Christianity today is a cathedral in which bits have collapsed, but the asbestos remains — you can’t help but stand there and breathe it in, and you don’t even know you’re breathing it in the first place. Perhaps this is part of its genius: as a response to being essentially outlawed, it has seeped through new ideologies in a new form
In the 1520s, people didn’t realize they were living through the Reformation. By the 1580s, people started to recognize the full scale of the movement and began calling it the Reformation.
Today, people don’t realize we’re having a second Great Awakening. It’s possible that in 100 years time, historians will look back at this period, starting from the 1960s, and say it was a period as convulsive in the history of Christianity as the 1520s were. While the Great Awakening started in 2014 or so, the 60s was when the Christian movement started to mutate and become something not just parasitic to Christianity, but actively overtly hostile to it.
Christianity is about awakening itself, and as it says, the work is never done. It's like Eugene Wei's invisible asymptote idea but for Catholicism — there is always another ceiling of egalitarianism to push through. And even if it cancels itself, it shows up in new ideologies, hiding its religiosity beneath the surface so it can spread undetected, adapting itself to a post-modern world.
Until next week,
Erik
I absolutely love the new articles!!! Just because of the articles have been recommending on deck to people
A study of Chinese culture and chinese cultural roots can really serve to highlight this point of humanitarianism and egalitarianism being non-universal.

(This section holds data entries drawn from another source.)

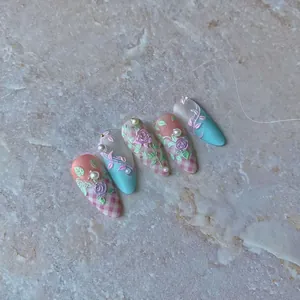 Custom press-on nails with 3D pink roses, blue accents, and pearl details on almond shape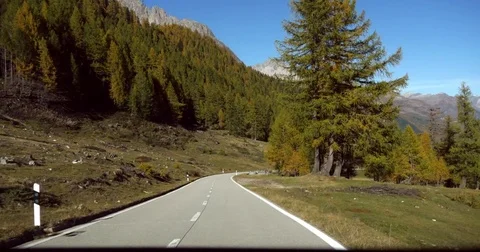 Mountain road, Cinema 4k view driving down on a alpine road, in a autumn colo Stock Footage 82708698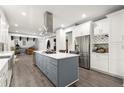 Modern kitchen with stainless steel appliances, a large island with a cooktop, and white cabinetry at 2680 Spalding Dr, Sandy Springs, GA 30350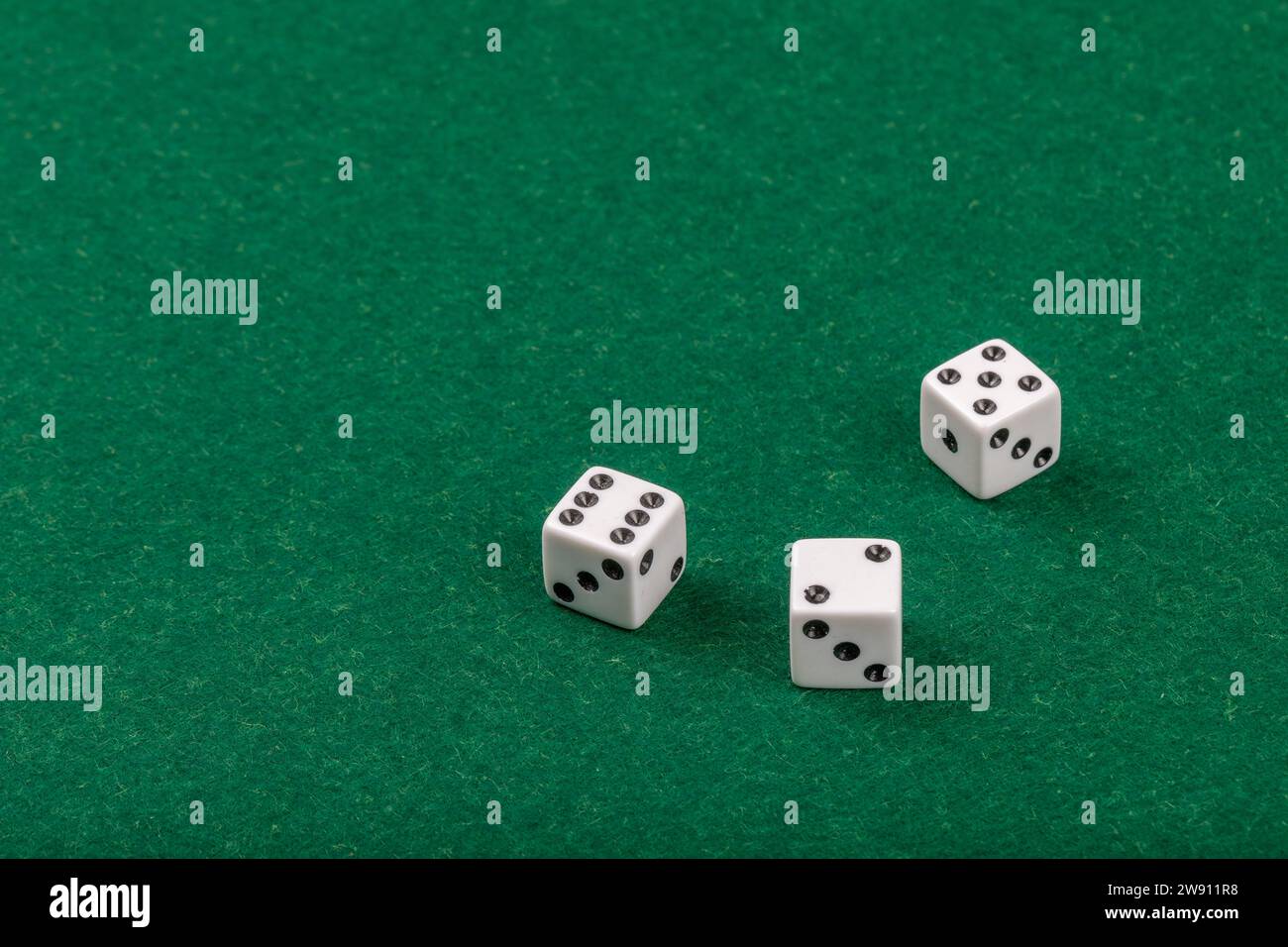 Three White Dice on Green Velvet Casino Table for Gaming and Gambling Stock Photo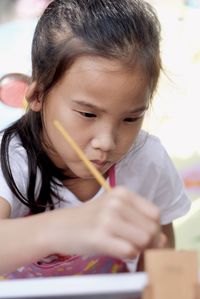 Close-up of cute girl holding paintbrush 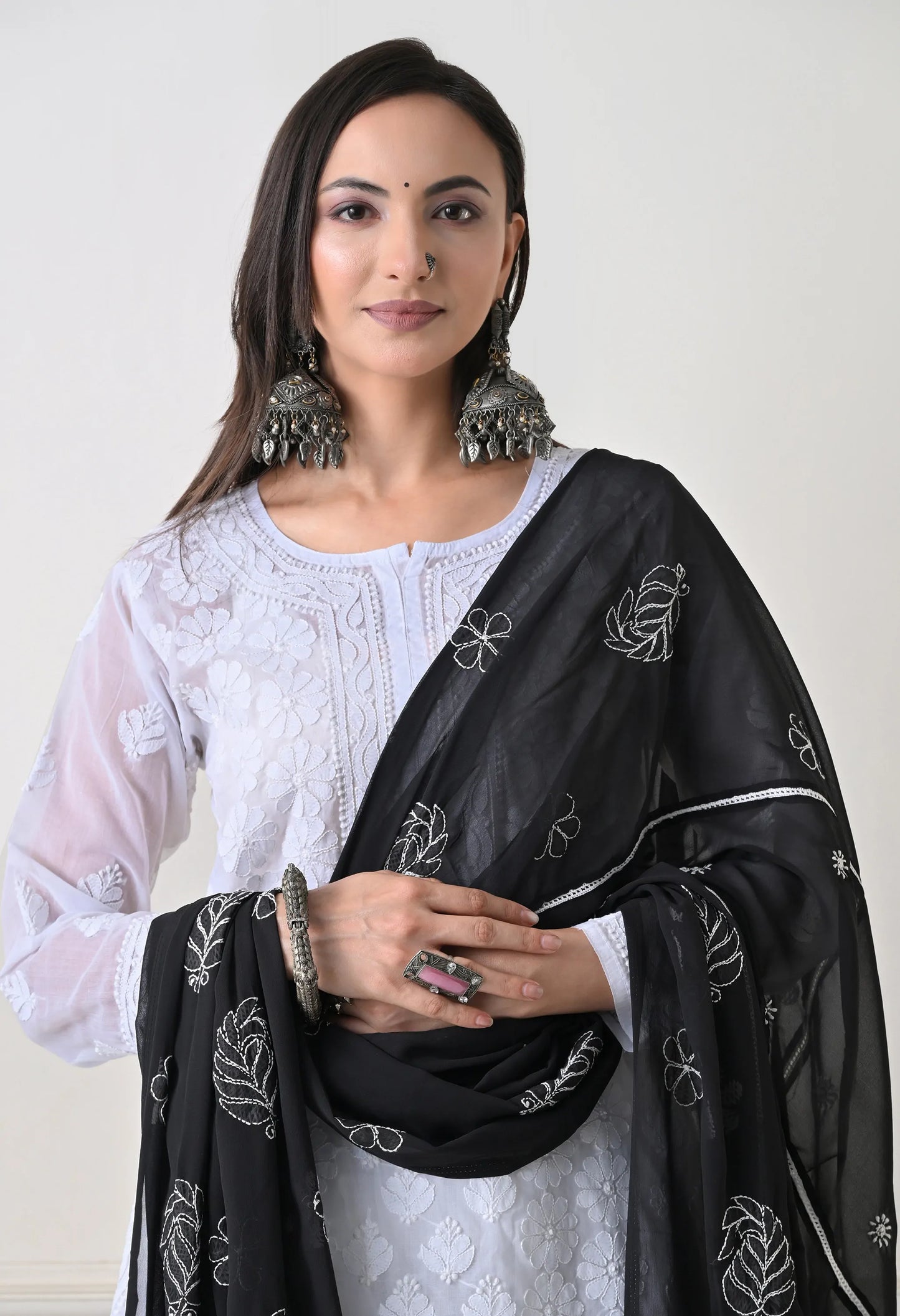 Woman wearing a black embroidered dupatta over a white outfit against a plain background
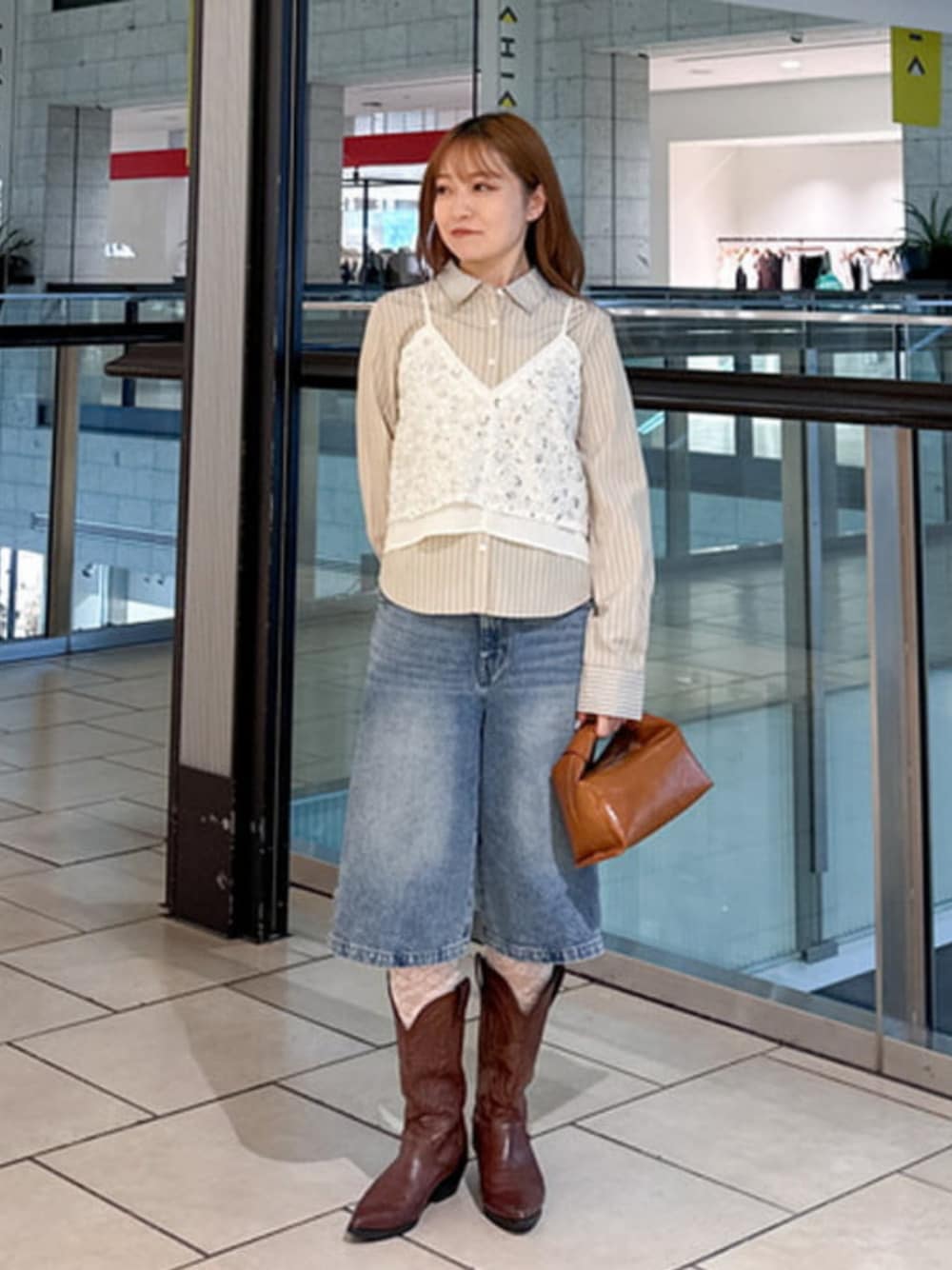 ブルー系のデニムパンツ、ブラウン系のショルダーバッグ、ホワイト系のキャミソールを着用したレディースの夏コーディネートの1枚目の写真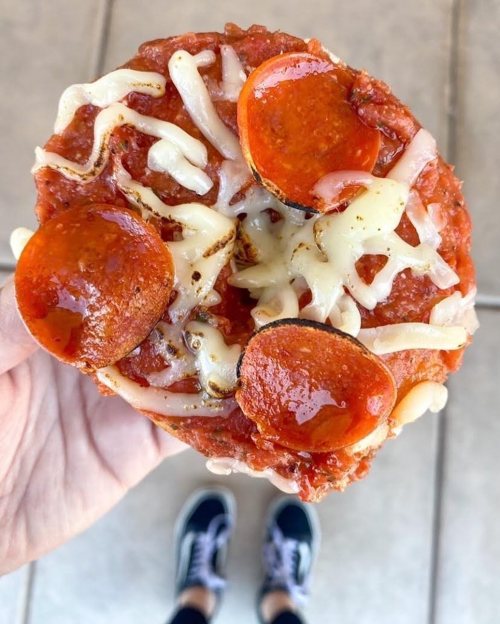 A hand holding a small pizza topped with pepperoni and melted cheese, with sneakers visible in the background.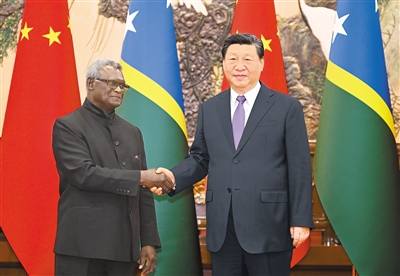 习近平会见所罗门群岛总理索加瓦雷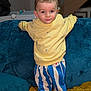 child, toddler, yellow_sweater, striped_pants, blue_and_white_stripes, sofa, couch, blanket, pillow, indoor, portrait, standing, smiling, eyes, hair, cute, home_interior, fabric_texture, childrens_clothing, playful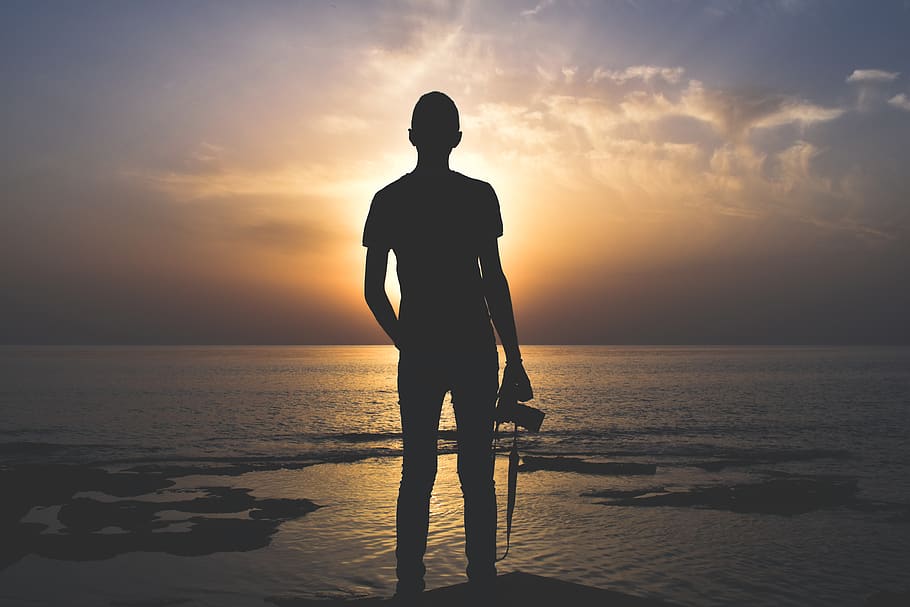 Silhouette Photo of Person Holding Camera, backlit, beach, clouds HD wallpaper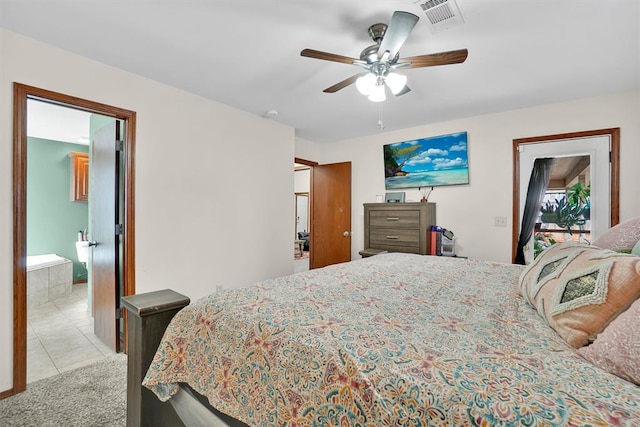 tiled bedroom featuring ceiling fan and ensuite bath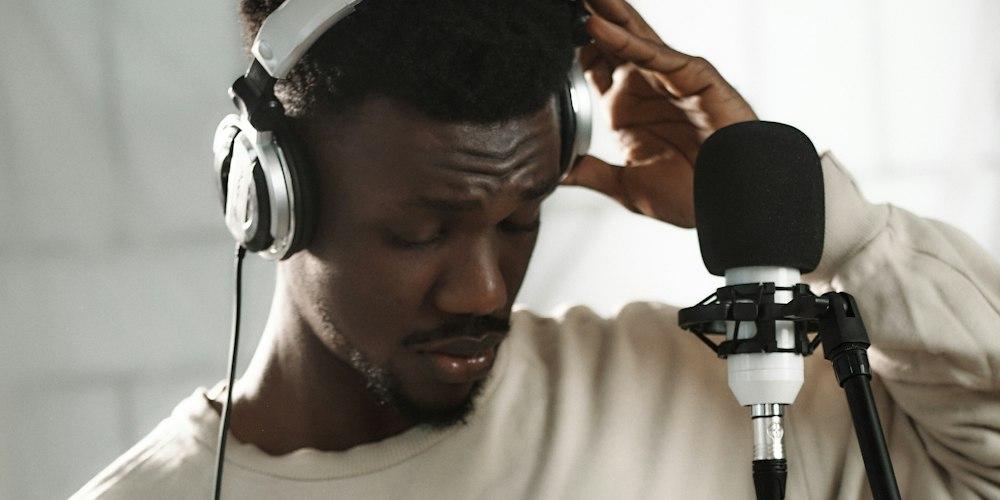 Creator recording with headphones and a microphone
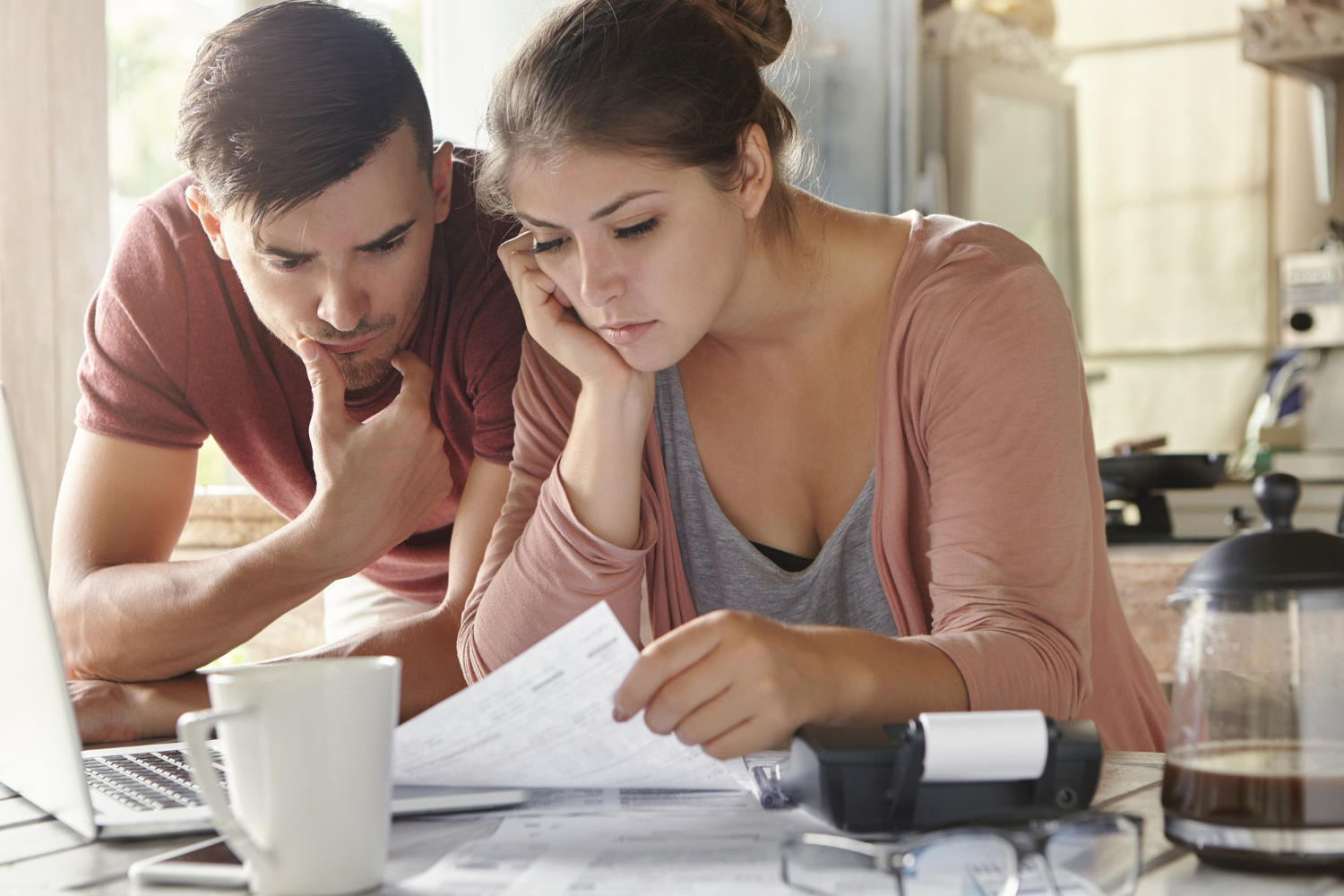 couple planning how to reduce monthly bills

Chinese society is "collective" but not egalitarian. It doesn't pretend that all beings are created equal; it clings to the implicit hierarchy of humans in their roles. If you're a woman, a child, a grandmother, a husband, you have a role to play and if you don't play it, you're shamed and ostracized by society, not encouraged or supported.
Chinese moral ethics says that your parents are superior to you, the child, and that you have to have filial piety - extreme respect, obedience, and care - for your parents. They even go so far as to have 24 filial exemplars, with children doing such things as selling themselves into slavery to pay off their father's funerals, or otherwise sacrificing themselves for their parents, and being praised for it as being the shining examples of ethical behavior.
And Chinese culture has been a complete social ecosystem within itself for 5000+ years already; its plausible that if Christianity didn't come about, we would have strong hierarchical confucian and taoist values and we would not even think of the world in the language of equality and human rights.